— ASSIGNMENT —
Copy down every line of the data that follows exactly. Omit the pictures.

— DATA EXCERPT —
* * * * * * *
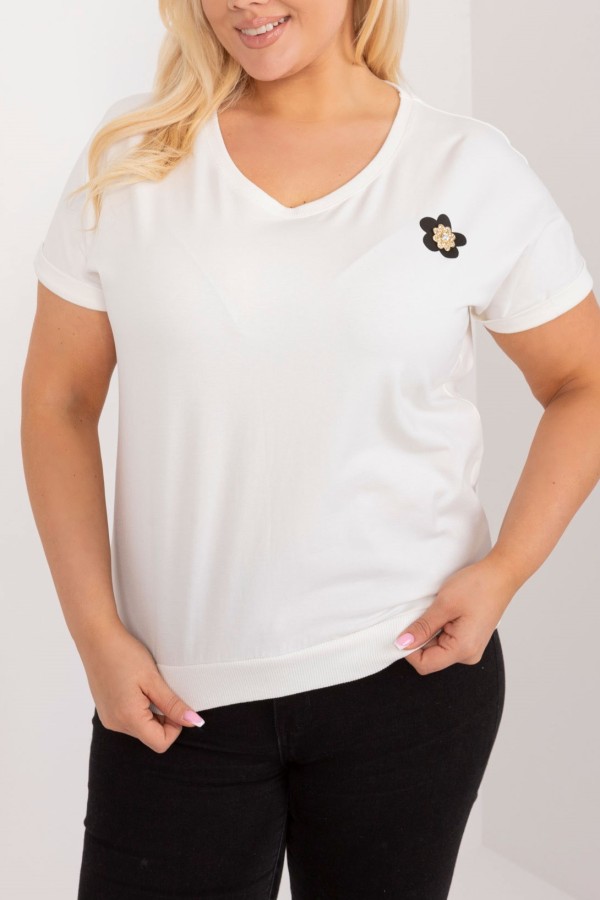 Bluzka damska t-shirt plus size w kolorze ecru z aplikacją kwiatka cyrkonie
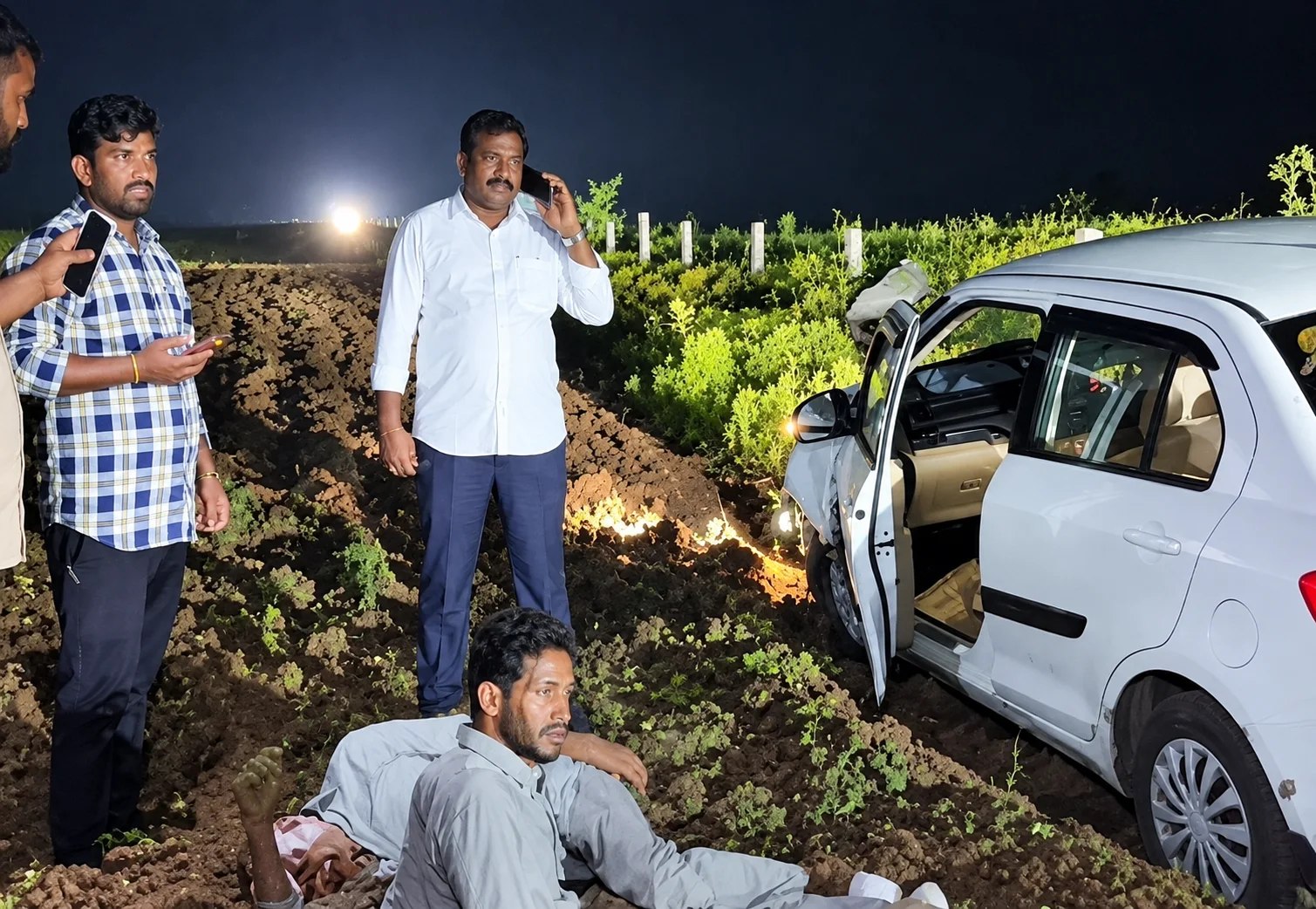 బ్రహ్మేశ్వరం వద్ద రోడ్డు ప్రమాదం.. పొలాల్లోకి దూసుకెళ్లిన కారు!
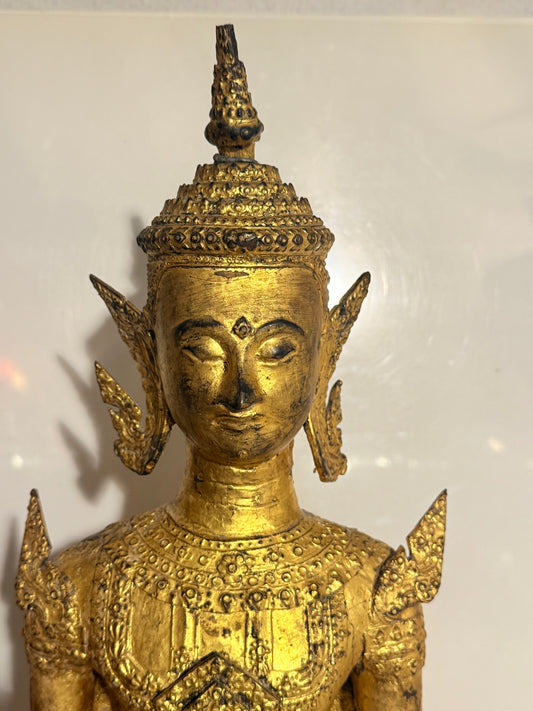 Stor 93 cm. Ratthanakosin buddha statue i forgyldt bronze, Thailand, fra 1800 tallet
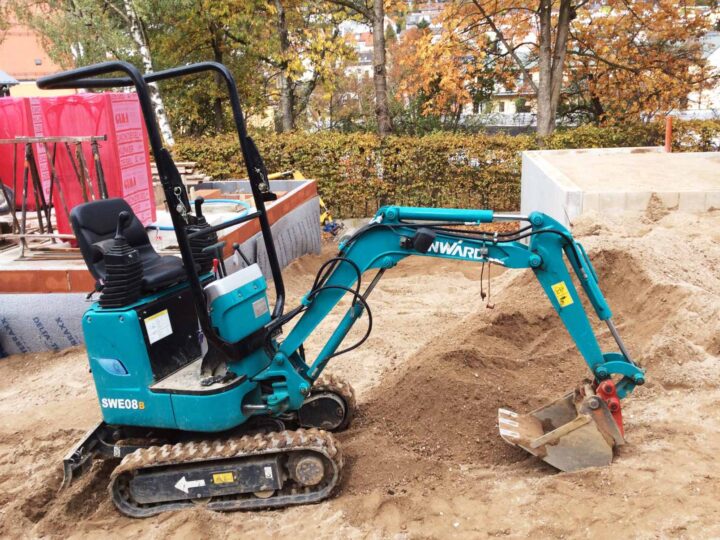 Sunward SWE 08B machine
* * * * * * *
— OUTPUT —
 Bluzka damska t-shirt plus size w kolorze ecru z aplikacją kwiatka cyrkonie
 బ్రహ్మేశ్వరం వద్ద రోడ్డు ప్రమాదం.. పొలాల్లోకి దూసుకెళ్లిన కారు!
 Stor 93 cm. Ratthanakosin buddha statue i forgyldt bronze, Thailand, fra 1800 tallet
 Sunward SWE 08B machine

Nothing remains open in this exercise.